The GCSE level is the standard supposed to be attained by 16-year-old “school-leavers” and is not very demanding. If even this minimal qualification eludes 70 per cent of those who obtain any qualification, it means, says Mr Sandbrook, that “an entire generation is leaving school ignorant of what their parents and grandparents once took for granted: the solid, reassuring knowledge of what we all once recognised as our national story.”


Even those who do obtain a history qualification at GCSE are let down if they choose to go on to further study and a more rigorous academic standard. Such a standard used to be required for the A-level exam, taken by 18 year-olds who are candidates for university entry, but even they now learn little history in any serious sense. “A few years ago,” writes Mr Sandbrook, when I was a lecturer at one of northern England”s biggest redbrick universities, I quickly realised that it was a mistake to assume any prior knowledge of British history on the part of our 18-year-old students.” Here he means people who have chosen to specialize in history, which in British universities means that history is just about all they study for their three years in higher education, before taking a degree in it. Most of these young scholars, he writes,



had studied the Nazis and the American civil rights movement in great detail at A-level, but few had heard of, say, David Lloyd George or Stanley Baldwin, or could explain why Britain had won and lost a global empire.
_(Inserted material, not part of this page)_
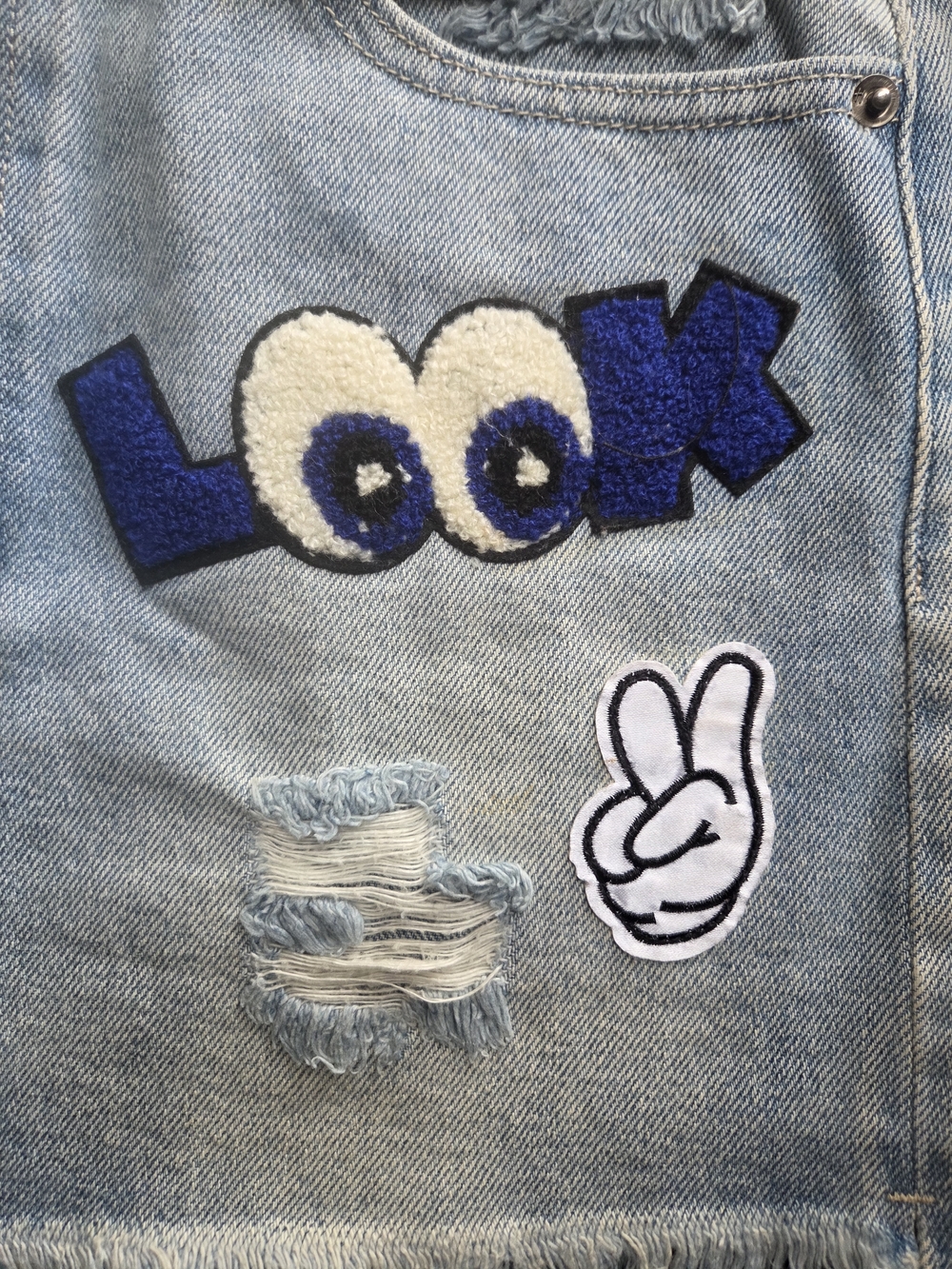 Hidden Jeans Light Wash Distressed Denim Mini Skirt with Fun Patches - Picture 6 of 11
They were bright and keen to learn, but had been betrayed by a system that fed them titbits of knowledge, and by a culture of continuous testing that left little time to appreciate the broad sweep of our national past.
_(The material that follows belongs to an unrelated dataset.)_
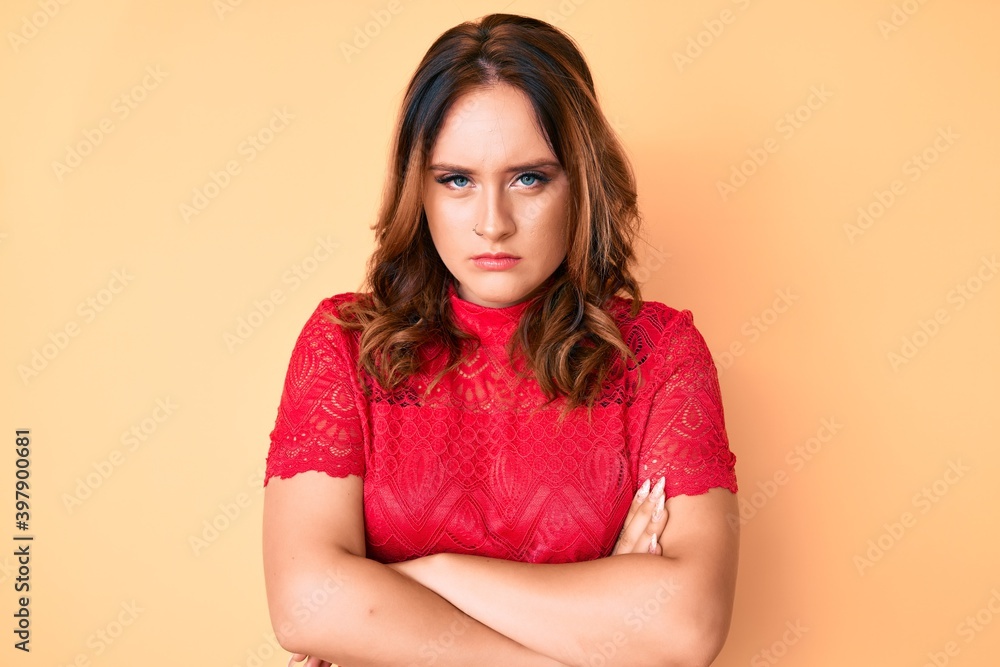 Obraz premium Young beautiful caucasian woman wearing casual clothes skeptic and nervous, disapproving expression on face with crossed arms. negative person.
Yet, apart from the hint in his mention of the Nazis and the American civil rights movement, Mr Sandbrook doesn’t even get to the worst part, which is that when pupils do study history, particularly British but also all Western history, it is nearly always taught as a history of shame and evil in the past — racism! sexism! homophobia! imperialism! capitalism! — which has only been put to rights (to the extent that it has been put to rights, yet) in the present era. Why would anyone who believes this of the past want to go on with the study it, even if he has had a solid beginning in history? What is it to him but a confirmation of the naive assumption of all children that their own time is enlightened and the past benighted and vicious and with nothing to offer them? Saddest of all, Mr Sandbrook is badly out of date in his ideas of American education:



One reason that America has proved so successful as a melting pot for immigrants, after all, is that its schools give their children a solid and reassuring sense of themselves as Americans, embedded in a shared national past which is studded with patriotic landmarks from the Declaration of Independence to the Gettysburg Address. And we have only to look across the Irish Sea, where schools in the Republic patiently trace their national story from Ireland”s first Christian missionaries to its bloody struggle for independence, to see that teaching your national history from start to finish is hardly rocket science. Nor is it necessarily reactionary or old-fashioned or even conservative, as its critics suggest. It is simply common sense.


Actually, this hasn’t been true of America for 40 years. Now, our kids are probably cut off from history even more completely than the British, if not the Irish — except, of course, for that triumphalist history of the civil rights movement.